PTfS25: Assignment 3: Pmax, data transfer

Opened: Tuesday, 20 May 2025, 12:00 AM

Due: Thursday, 29 May 2025, 10:05 AM

Max in-core performance.
(a) (20 credits) Calculate the maximum achievable in-core performance P_max in Gflop/s of an AVX512-vectorized double-precision three-point stencil on an Ice Lake SP core at 1.9 GHz:
```
for(int i=0; i<N; ++i)
  for(int j=1; j<M-1; ++j)
    a[i][j] = 0.2*(b[i][j] + b[i][j-1] +b[i][j+1]);
```
What fraction of the theoretical core peak performance is this? Also calculate the expected P_max for the AVX2 and scalar variants.
Note: You may assume that every load in the high-level code is an actual load instruction on the machine-code level.

(b) (10 credits) Assuming that nontemporal stores or cache line claim cannot be used, what is the data transfer in bytes per inner loop iteration if N and M are large so that the working set does not fit into any cache? What is thus the minimum code balance in byte/flop?
Latency and bandwidth. Consider a CPU with an asymptotic memory bandwidth of \( b_S=250\,\mathrm{GB/s} \) and a memory latency of \( T_\ell=130\,\mathrm{ns} \). Assume that the duration of data transfer follows the Hockney Model as described in the lecture.
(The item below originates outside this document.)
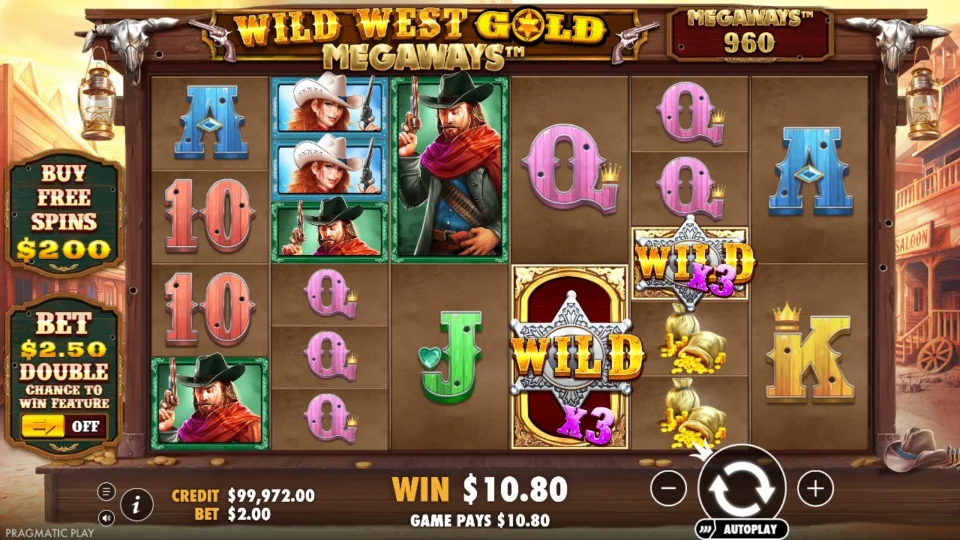 Wild West Gold Megaways: win 5.4x (10.8) on media spin 31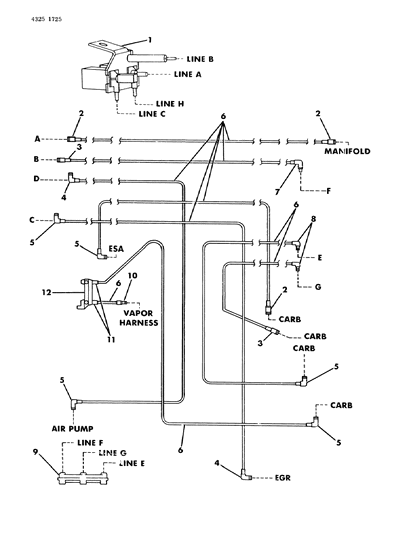 1985 Dodge Ram Wagon EGR Hose Harness Diagram 4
(a) (10 credits) Calculate the time of data transfer and the effective memory bandwidth for a message of size 4096 byte.
(b) (10 credits) For general values of \( T_\ell \) and \( b_S \), calculate the message size \( N_{1/2}(T_\ell,b_S) \) at which \( B_\mathrm{eff}(N_{1/2})=b_S/2 \), i.e., at which the effective bandwidth is half the asymptotic bandwidth.
(c) (10 credits) At a cache line size of 64 byte, calculate how many outstanding prefetches are needed to fully hide the memory latency and how much data (in bytes) must thus be kept "in flight."
Strided access. Write a benchmark code for the double-precision "vector update" kernel and modify it so that only each Mth element is used:
```
for(i=0; i<N; i+=M) 
   a[i] = s * a[i]; 
```
```
 
```
This is called a "strided loop" with stride M.
(a) (20 credits) Plot the performance of this loop versus M∈{1,2,4,8} for N=10⁸ on one Fritz core (do not forget to fix the clock frequency) and explain the change in performance with growing M. What happens if you increase M even further, using powers of two up to 2²⁰? Include that data into the plot.
(b) (20 credits) Explore what happens if you do not choose powers of 2 for M. Use strides of M=8*1.2ⁿ, with n a positive integer and M<=10⁶. Plot the data into the diagram from (a). Explain the difference in behavior.

Note: Use the benchmarking harness from previous tasks to make sure that the benchmark loop is repeated often enough to get a runtime of at least 500 ms.